Scott Palmer swpalmer at gmail.com
Mon Jan 14 16:14:21 UTC 2019



> On Jan 14, 2019, at 10:33 AM, Alan Bateman <Alan.Bateman at oracle.com> wrote:
> 
> On 14/01/2019 15:03, Scott Palmer wrote:
>> :
>> 
>> Does this not require ALL dependencies - down the entire dependency chain, including every transitive dependency, to be 100% modular?
> Look for "automatic modules", this is how the module system facilitates top-down migration where you can migrate to modules without waiting everything you depend on to migrate first. Automatic modules also support bridging to the class path so you can migrate without moving everything from the class path to module name.

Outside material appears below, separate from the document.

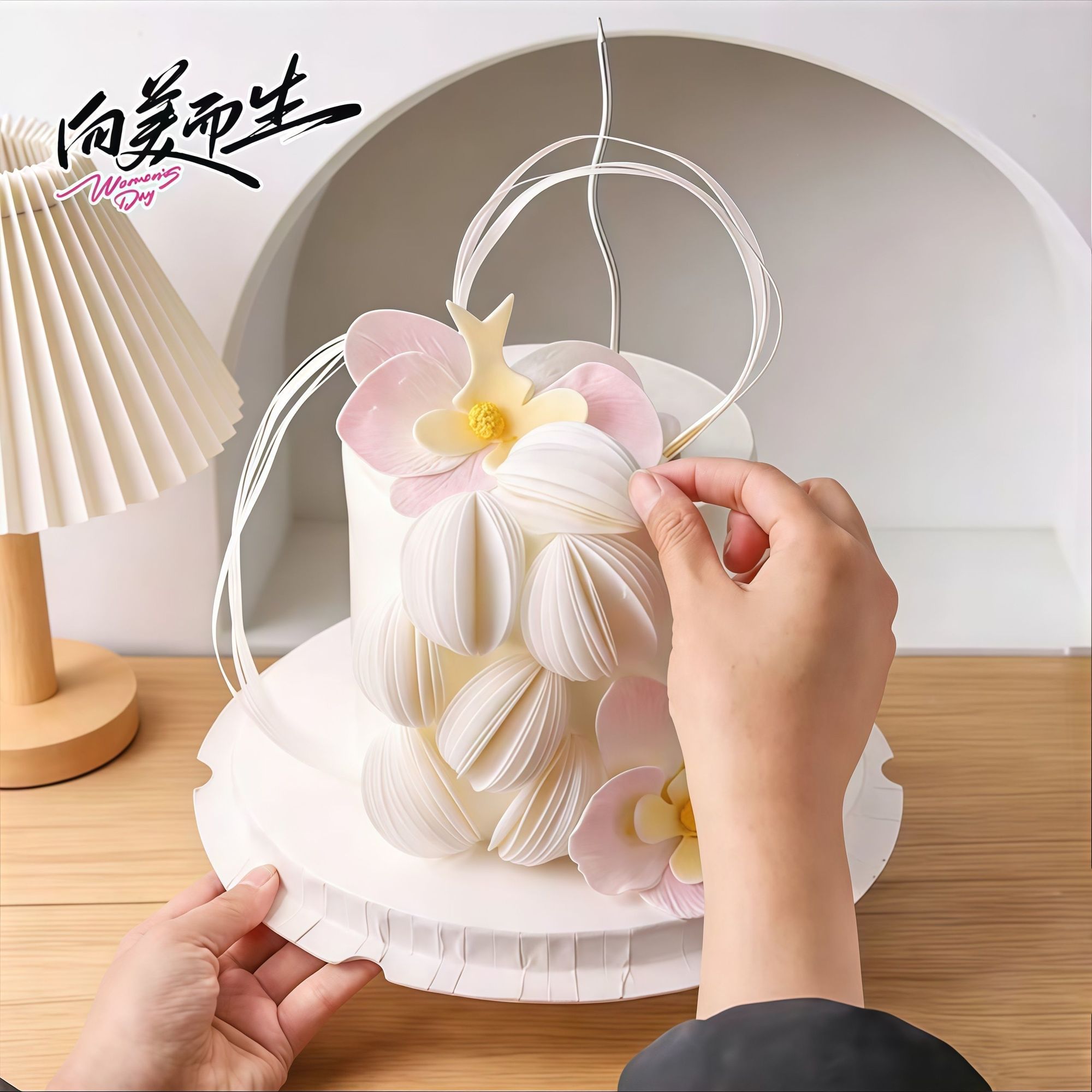 爆款糯米纸威化玫瑰花蝴蝶兰蛋糕装饰女神手捧花烘焙成品摆件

Sorry, I’m asking this in the context of building a modular app that I can then run jlink or jpackage on. (I *think* I understand automatic modules.)  However, a workflow that will run perfectly fine with JDK 9 & 10 can’t easily be ported to JDK 11 because jlink can't work with automatic modules and java.activation is no-longer available as an explicit module (until the issue you cited is fixed, but note that the module name has changed, thus requiring a stub module for modules that are expecting a module named java.activation).  

> 
>> 
>> I don’t know of many applications outside of those included in the JDK (where dependencies are not an option) that this restriction actually applies to.  In fact since Java 11 there is a regression where applications that could be built as modular with JDK 9 & 10 no longer can be, because the java.activation module was removed and no modular replacement is available.  Many dependency chains lead to java.activation.
> The JavaBeans Activation Framework (JAF) was always maintained as a project in Java EE, never here. In any case, you can download JAF from Maven and deploy it on the module path, it should just work. The only issue with link time where it needs to be migrated to an explicit module before it can be linked into a run-time image. There is an issue in its Eclipse project to migrate it to an explicit module [1].

This issue breaks many cases where jlink used to work.  This is why I refer to the current state of things as a regression.  It’s more than a simple matter of obtaining the replacement module for the modules that were removed from the JDK - because no such modules currently exist.

Even if you modularize your library or application - you can’t run jlink on it if the dependency chain ever leads to an automatic module.  Therefore jpackage and jlink tools can’t work on projects that they previously could work on due to the changes in the JDK being made without a suitable replacement ready for java.activation.  Somehow java.activation became un-modularized in the process of removing it from the JDK.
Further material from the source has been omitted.